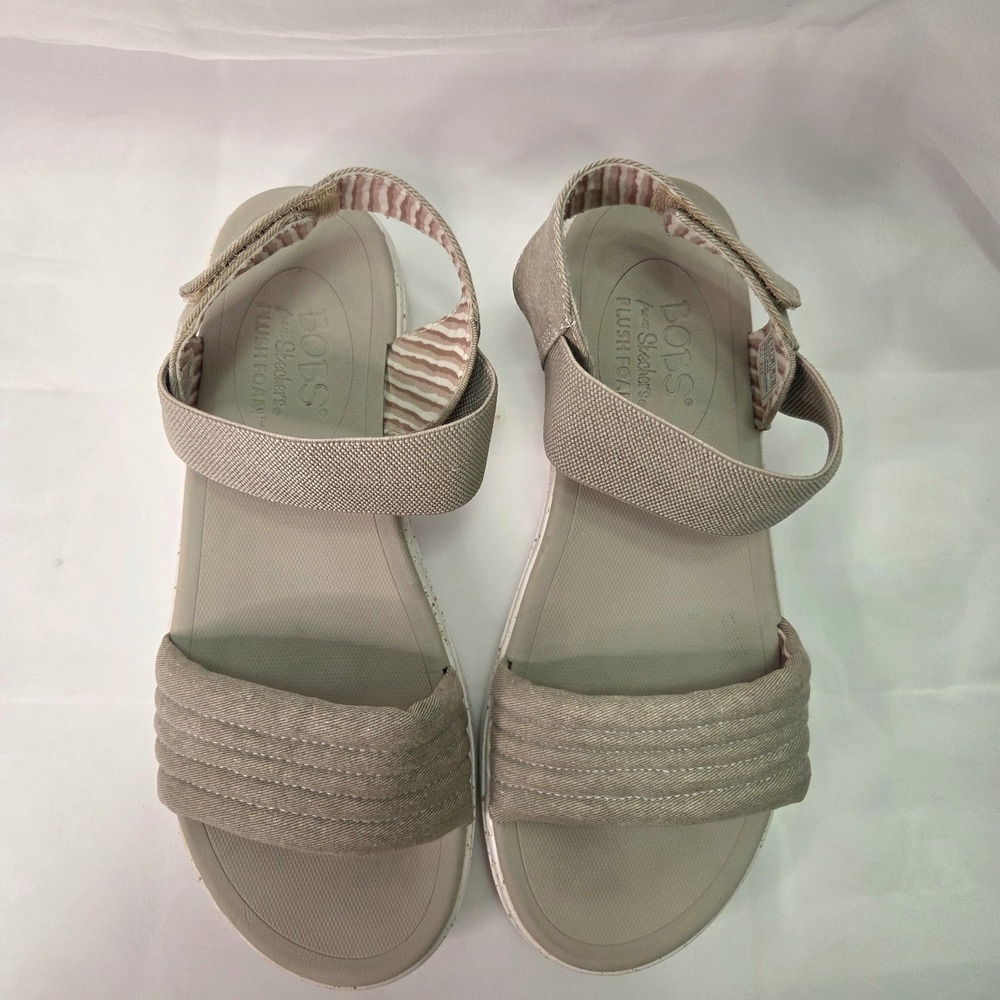 Skechers Bobs Summer Skipper Optical Chill Plush Foam Sandal Taupe Sz 9 Comfort - Picture 4 of 8
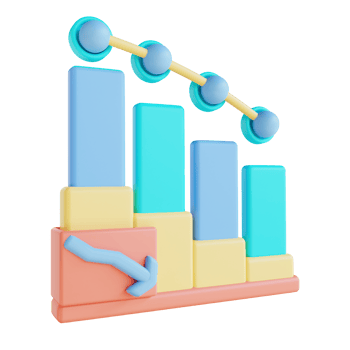 3D illustration business chart  down png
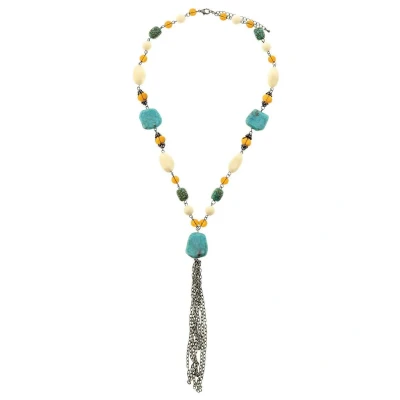 Afbeelding van Behave Ketting met turquoise en bruine kralen lange hanger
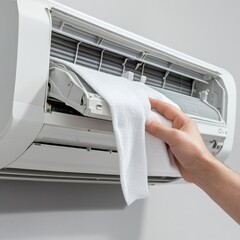 Cleaning rag inside wall-mounted air conditioner on plain background
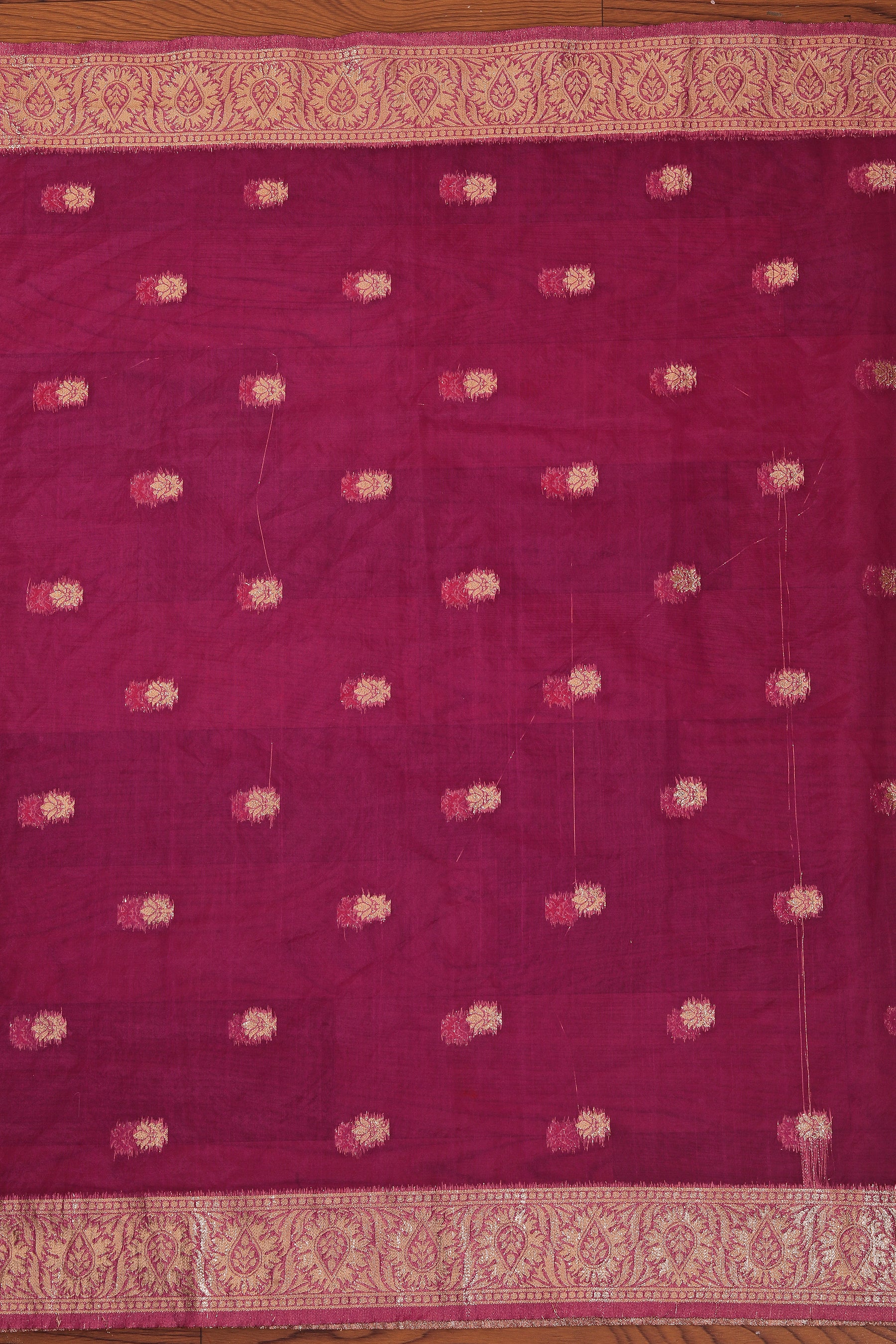 Unstitched Pink Floral Printed Gota Patti Dress Material With Dupatta
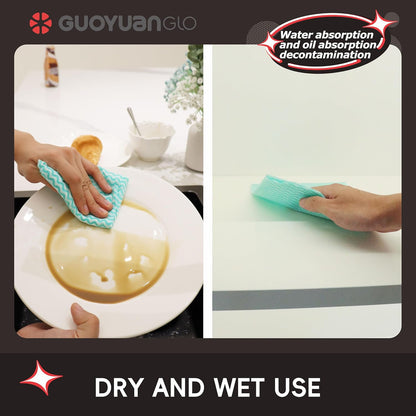 Disposable Dish Cloths Disposable Cleaning Towels Heavy Duty Reusable Cleaning Cloths Dish Rags for Kitchen,11.8 x 21 inches - 50 Counts/Pack,Green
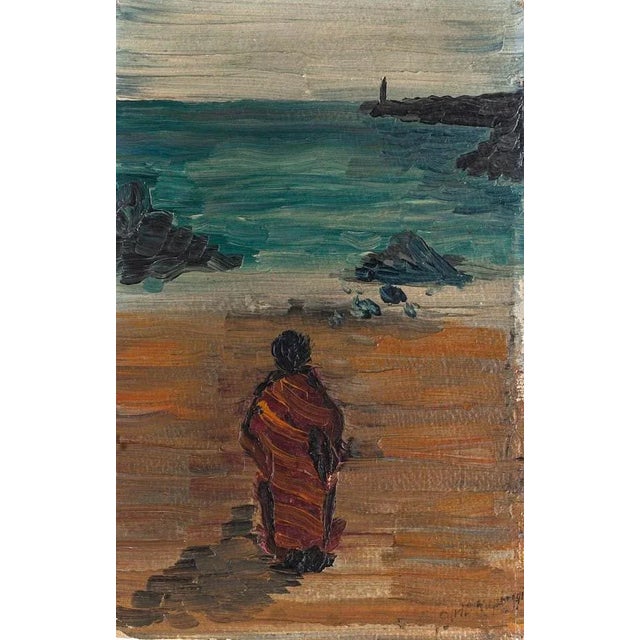 The Sea is an original painting realized by an anonymous artist in the mid-20th Century. Oil panting on panel. Unreadable...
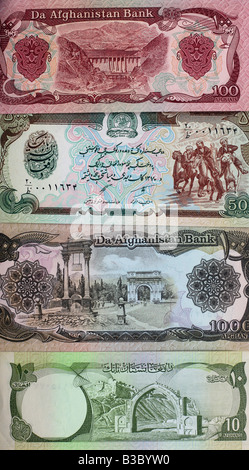 Bank notes from Afghanistan Pashto/Persian Stock Photo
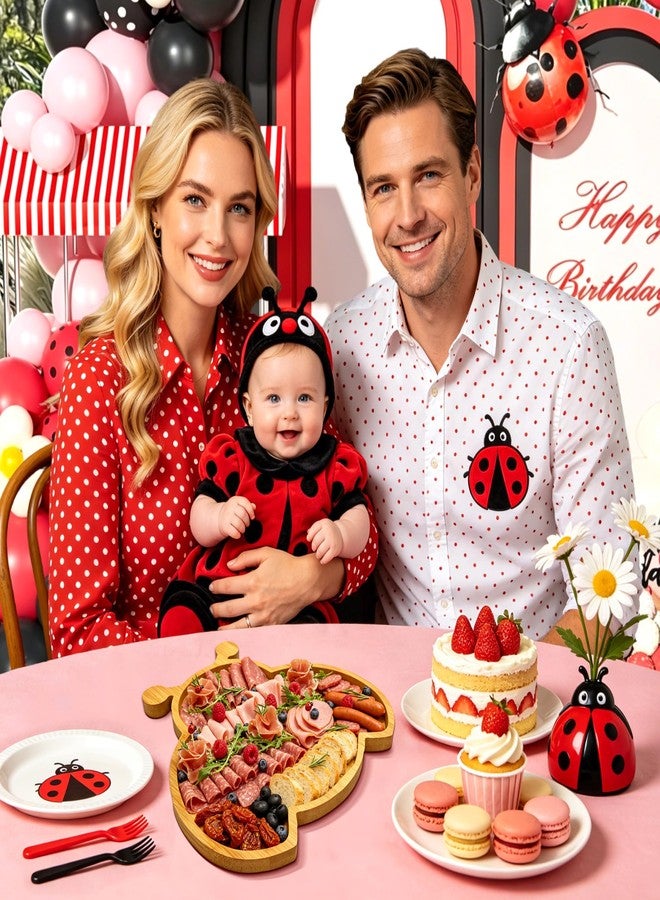 THEYGE Ladybug Charcuterie Board Cute Bug Baby Shower Serving Tray Kid Birthday Party Decoration Wooden Bamboo Decorative Display Food Plate Table Supplies Fillable Platter for Snacks Appetizers Fruit - Image 4
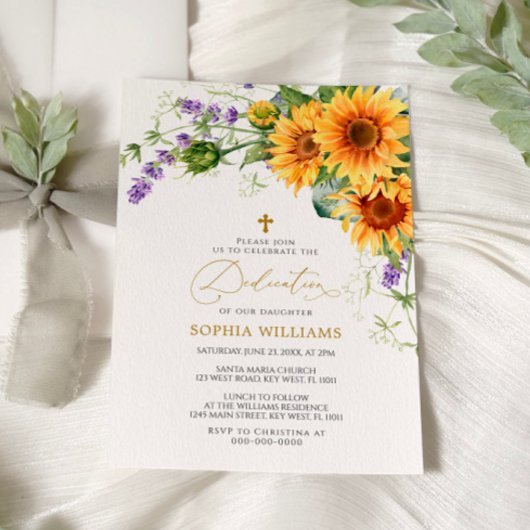 Rustikale Sonnenblumen & Lavander Dedication Einla Einladung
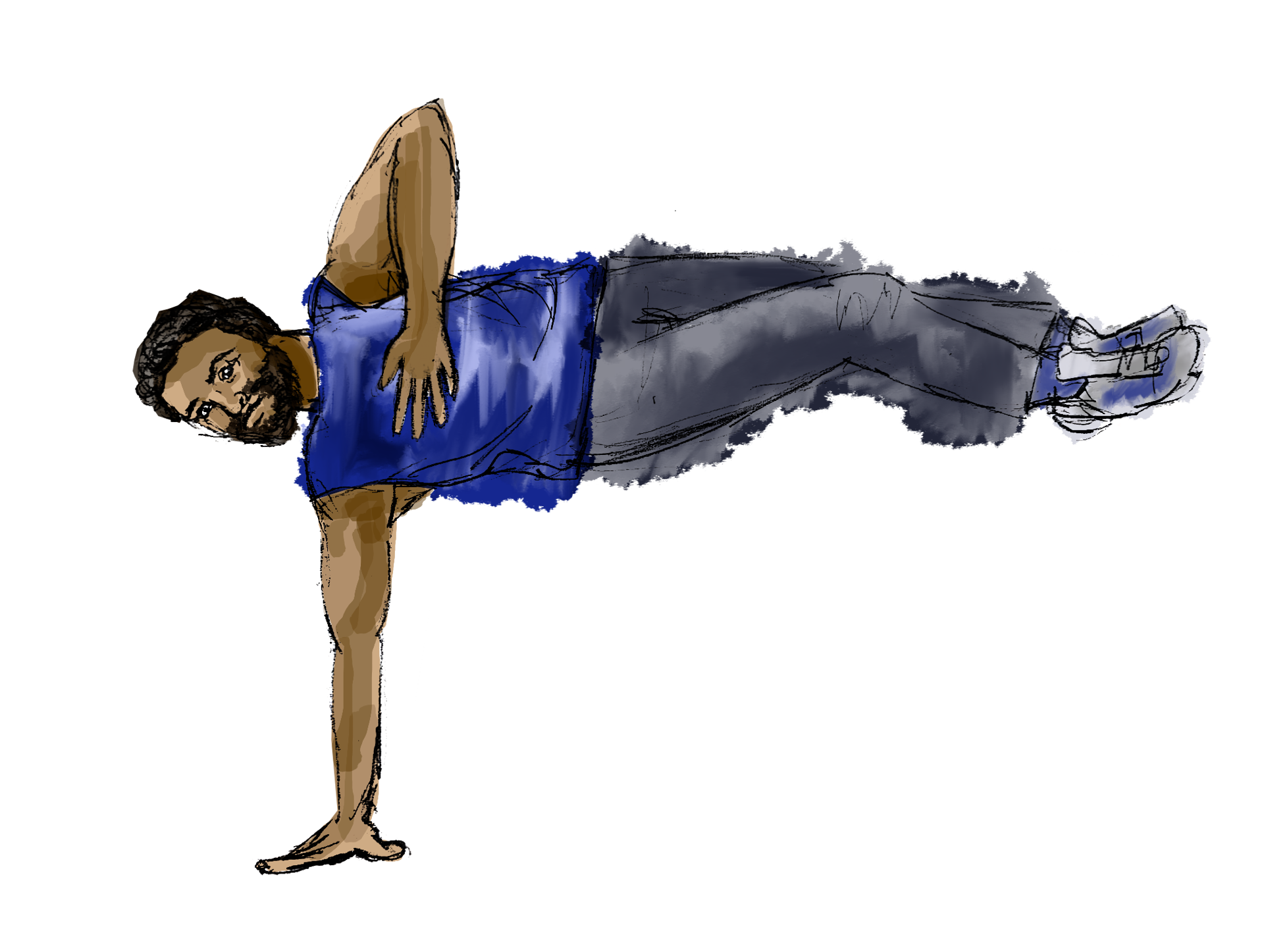 Illustration of Global majority male breaker with a beard in break dancing pose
=-=-=-=-=
• **ACTION ITEM**: Repeat the full listing above without altering a word, and skip the pictures.

• **RESPONSE FOR THIS EXERCISE**:
 Skechers Bobs Summer Skipper Optical Chill Plush Foam Sandal Taupe Sz 9 Comfort - Picture 4 of 8
 3D illustration business chart  down png
 Afbeelding van Behave Ketting met turquoise en bruine kralen lange hanger
 Cleaning rag inside wall-mounted air conditioner on plain background
 Unstitched Pink Floral Printed Gota Patti Dress Material With Dupatta
 Disposable Dish Cloths Disposable Cleaning Towels Heavy Duty Reusable Cleaning Cloths Dish Rags for Kitchen,11.8 x 21 inches - 50 Counts/Pack,Green
 The Sea is an original painting realized by an anonymous artist in the mid-20th Century. Oil panting on panel. Unreadable...
 Bank notes from Afghanistan Pashto/Persian Stock Photo
 THEYGE Ladybug Charcuterie Board Cute Bug Baby Shower Serving Tray Kid Birthday Party Decoration Wooden Bamboo Decorative Display Food Plate Table Supplies Fillable Platter for Snacks Appetizers Fruit - Image 4
 Rustikale Sonnenblumen & Lavander Dedication Einla Einladung
 Illustration of Global majority male breaker with a beard in break dancing pose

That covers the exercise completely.